When a loved one dies, business and legal matters likely will be the furthest thing from your mind, and rightly so. Your first priority should be to take care of yourself and your family, and to make any necessary funeral arrangements. The deceased may have signed a Disposition of Remains document directing you as to the disposition of his or her remains. Please look for such a document. Also, in most cases, there’s no reason to worry about business and legal matters before the memorial service.
After the funeral and an appropriate grieving period, you’ll need to attend to important administrative matters. Here’s a checklist to help you get started:
Locate The Will
Locate your loved one’s will or revocable living trust, and other important legal papers. Places to look for estate planning documents include safe deposit boxes, safes or strong boxes, or filing cabinets. In addition to a will or revocable living trust, attempt to locate:
- Life and other insurance policies
- Bank records
- Retirement plan and other employee benefit documents
- Deeds and other real estate documents
- Automobile registrations
- Income tax returns, W-2 forms and other tax records
- Notes receivable and payable
- Marriage certificate
- Birth certificates for all family members
Contact a Lawyer
Contact a lawyer and make an appointment to meet with him or her regarding the administration of the estate.
Initiate Probate Proceedings
If assets pass under a will, the decedent’s personal representative should consult an attorney about initiating probate proceedings. If you are named as the personal representative, remember that you have no authority to act on behalf of the estate until a court accepts the will as valid and appoints you to act in that capacity. If your loved one died without a will, consult an attorney about steps you should take to initiate court administration of the estate.
Revocable Living Trust Actions
If the decedent had a revocable living trust, and the trust was fully funded with the decedent’s assets, the trustee can begin managing his or her affairs immediately, without the need for court proceedings.
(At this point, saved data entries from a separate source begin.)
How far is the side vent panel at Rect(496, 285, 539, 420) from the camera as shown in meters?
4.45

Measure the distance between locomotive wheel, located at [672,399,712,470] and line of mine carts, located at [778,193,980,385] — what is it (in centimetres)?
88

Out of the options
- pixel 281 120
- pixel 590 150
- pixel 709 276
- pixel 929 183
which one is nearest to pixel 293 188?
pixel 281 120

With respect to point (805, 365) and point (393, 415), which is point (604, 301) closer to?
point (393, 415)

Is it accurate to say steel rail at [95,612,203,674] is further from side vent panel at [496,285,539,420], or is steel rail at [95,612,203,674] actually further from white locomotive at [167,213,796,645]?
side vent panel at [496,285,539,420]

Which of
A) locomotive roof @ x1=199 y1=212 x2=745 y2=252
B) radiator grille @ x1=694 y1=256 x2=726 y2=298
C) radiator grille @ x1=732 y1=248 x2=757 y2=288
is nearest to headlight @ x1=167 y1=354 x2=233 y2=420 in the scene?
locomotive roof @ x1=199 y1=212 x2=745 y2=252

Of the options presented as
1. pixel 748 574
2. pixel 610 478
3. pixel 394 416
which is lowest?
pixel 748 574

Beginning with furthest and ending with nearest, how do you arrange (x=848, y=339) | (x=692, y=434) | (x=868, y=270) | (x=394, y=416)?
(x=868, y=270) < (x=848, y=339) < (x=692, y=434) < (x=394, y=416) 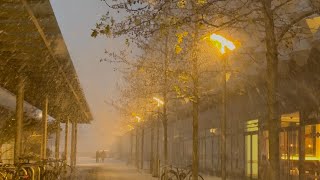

Conduct an Inventory of Assets and Liabilities
Conduct an inventory of your loved one’s assets and liabilities, paying particular attention to assets that may require immediate attention, such as life insurance policies, stock options and retirement plans. If probate is required, be sure your lawyer moves quickly so the court can address the disposition of stock options and other time-sensitive assets. Do not pay any outstanding bills until you have inventoried all of the decedent’s assets and debts and compiled a complete list of his or her creditors.
Contact the Decedent’s Employer or Business Associates
Contact the decedent’s employer or business associates to get information about:
- Group life, accidental death or disability insurance
- Contributions to pension funds or other retirement plans
- Accrued vacation and sick pay
- Unpaid commissions
- Health insurance covering you or other dependents
If the decedent was a business owner, determine the obligations of the trustee or personal representative to continue the business’s operations. Consult an attorney to review any succession planning documents prepared by the business and arrange for a qualified appraisal if necessary.
Contact the Decedent’s Life Insurance Agent
Contact the decedent’s insurance agent to file a life insurance claim. You will need to furnish the following to the life insurance company:
- Death certificate
- Insurance policy numbers and amounts
- Decedent’s full name, address, and date and place of birth
- Decedent’s occupation and last place of employment
- Claimant’s name, address, age and Social Security number
Contact your local Social Security office
Contact your local Social Security office to apply for spousal and dependent benefits. You will need to furnish the following:
- Certified copy of death certificate
- Decedent’s Social Security number, proof of age and marriage certificate
- Decedent’s employer information, approximate earnings in the year of death and earnings records for the previous year
- Social Security numbers and proof of age for the deceased’s spouse and dependents
Keep in mind that this list is by no means exhaustive, but it gives you an idea of the financial and legal steps you’ll need to take when a family member dies. Losing a loved one is extremely stressful, but you can ease some of the strain by organizing the documents you’ll need well in advance and consulting experienced advisors to guide you.